### DATA FOR THIS EXERCISE
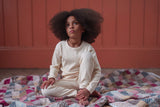 Little Cottons Pointelle Pajamas ~ Buttermilk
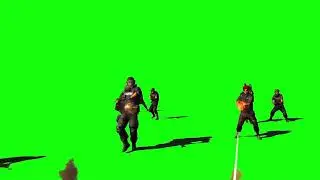 Military fireing green screen VFX footage clip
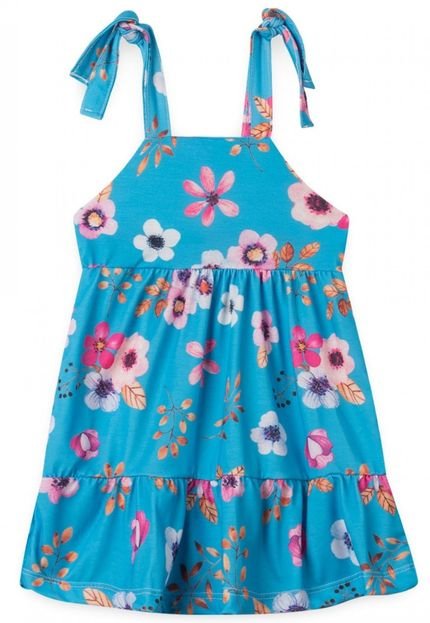 Vestido Feminino Infantil Florido Primavera - Marca PLATINUM KIDS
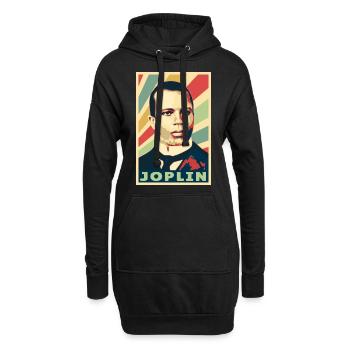 Scott Joplin Vintage Farben - Hoodie-Kleid - Schwarz - Vorne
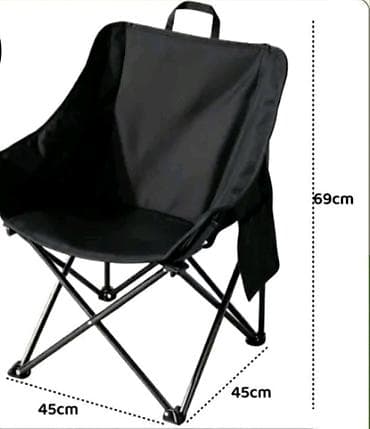 Песочный 1200 сом, чёрный 900 сом,Складное туристическое кресло с at lalafo.kg Песочный 1200 сом, чёрный 900 сом,Складное туристическое кресло с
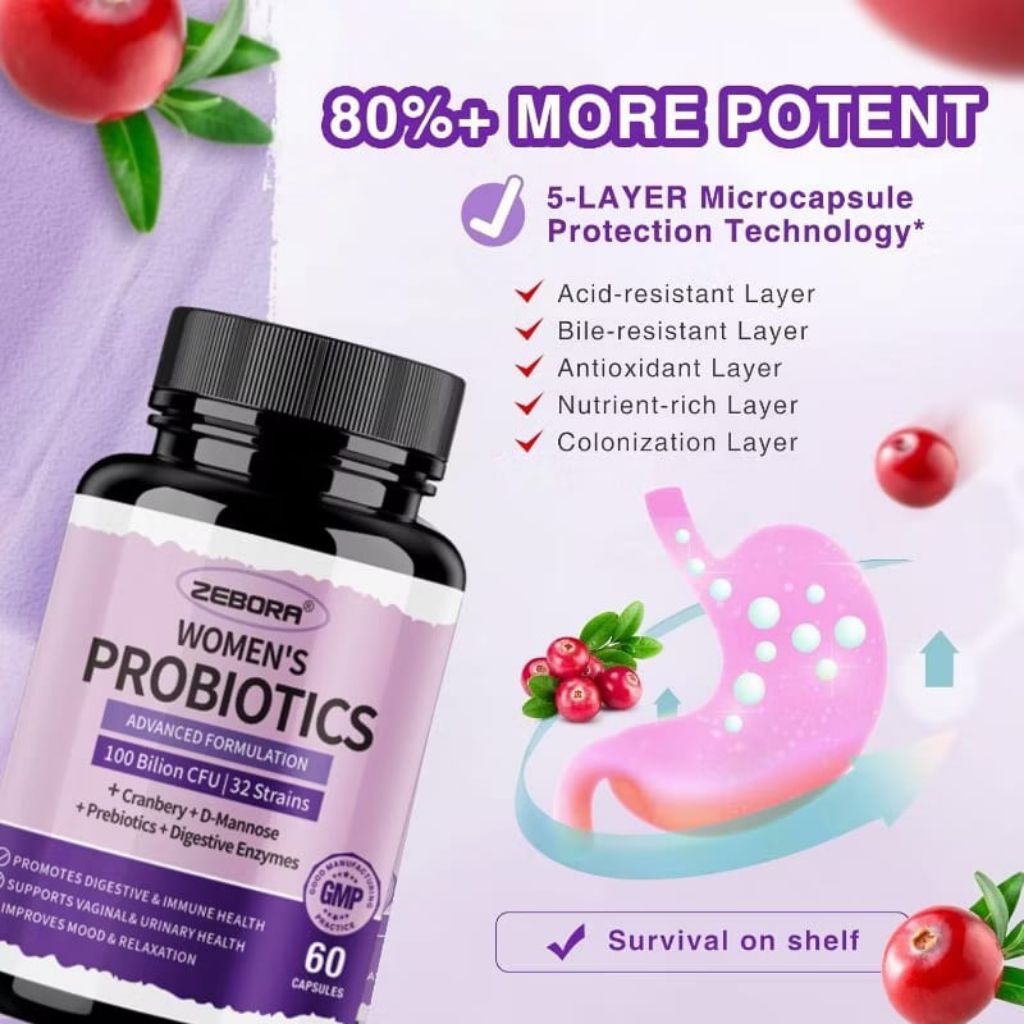 Zebora Probiotik untuk Wanita dukung kekebalan & kesehatan intim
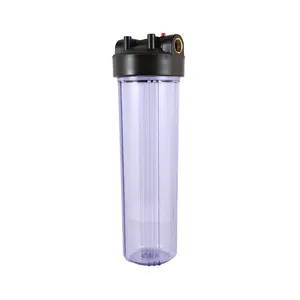 20 inch clear whole house water filter housing double o-ring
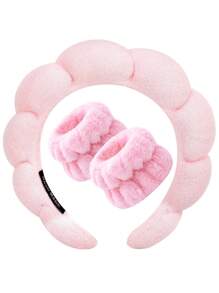 3 bucăți de culoare solidă, în formă de nor, bentiță de catifea, burete, demachiere simplă, spălarea feței, bentită specială, set de brățări, accesorii pentru păr
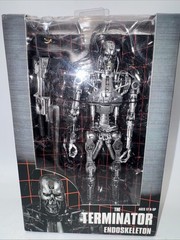 The Terminator 2 Endoskeleton Arnold Schwarzenegger T-800 Action Figures Toys 7”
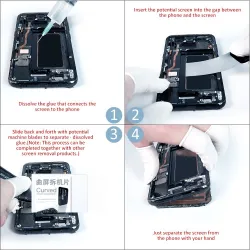Thin pry blade - disassembly tool - for curved LCD screen - separatorTools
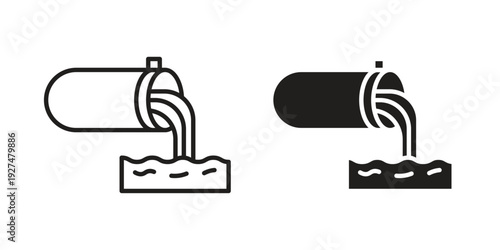 Sewage icon suitable symbol. Simple stock illustration stock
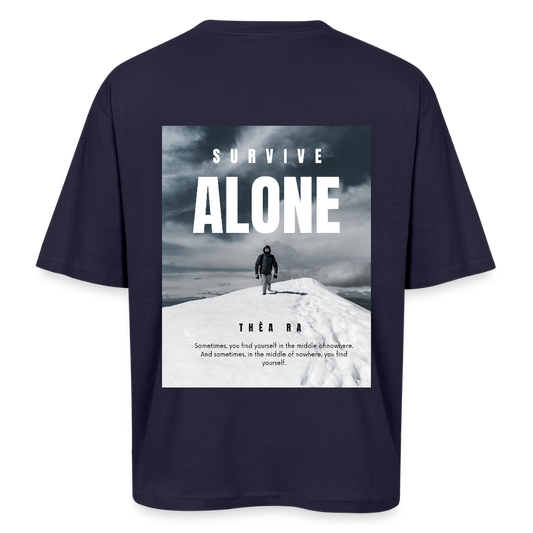 Oversized Unisex T-Shirt 100% Baumwolle - Navy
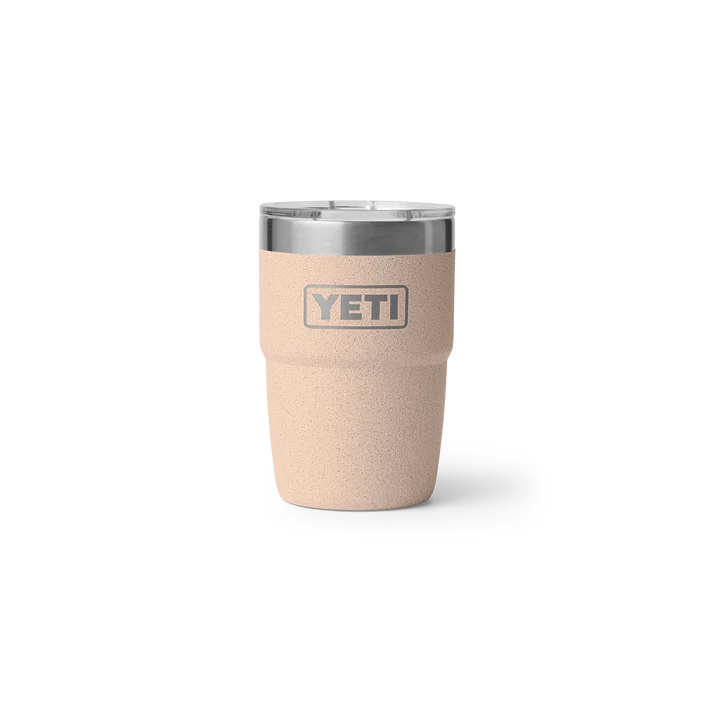 YETI Rambler 8 oz Stackable Cup in Tahini with MagSlider lid and ceramic lining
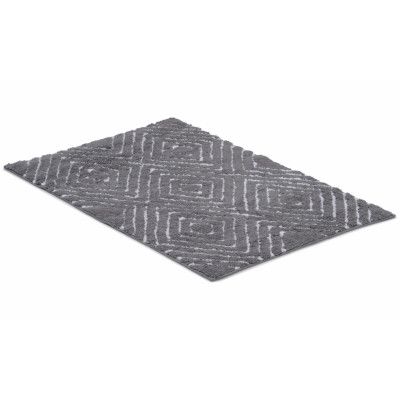 Milos grå - badrumsmatta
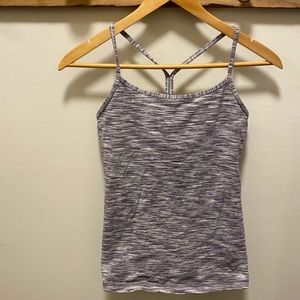 Lululemon tank with built in shelf bra size 8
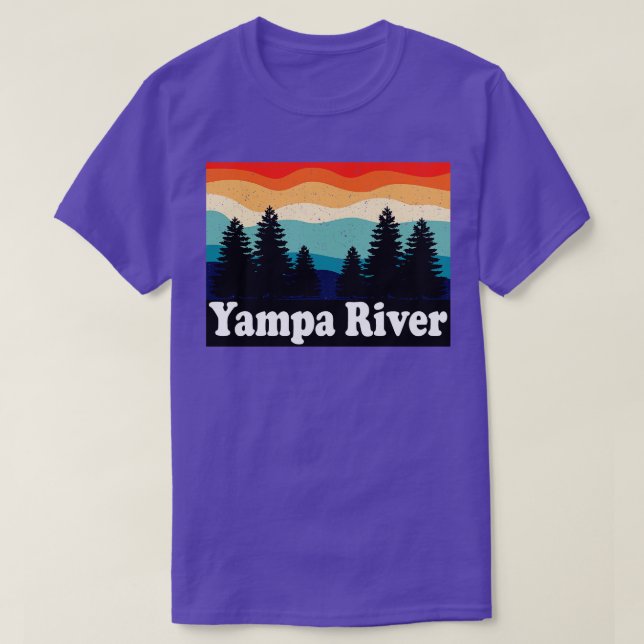 T-shirt Yampa River Colorado Retro (Design devant)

### PROBLEM DETAILS
Exactly the lines starting at the one above with "The Terminator 2" and ending at the one with "Oversized Unisex T-Shirt" should be printed, and nothing else. Omit the pictures.

### TASK OUTPUT
 The Terminator 2 Endoskeleton Arnold Schwarzenegger T-800 Action Figures Toys 7”
Thin pry blade - disassembly tool - for curved LCD screen - separatorTools
 Sewage icon suitable symbol. Simple stock illustration stock
 Oversized Unisex T-Shirt 100% Baumwolle - Navy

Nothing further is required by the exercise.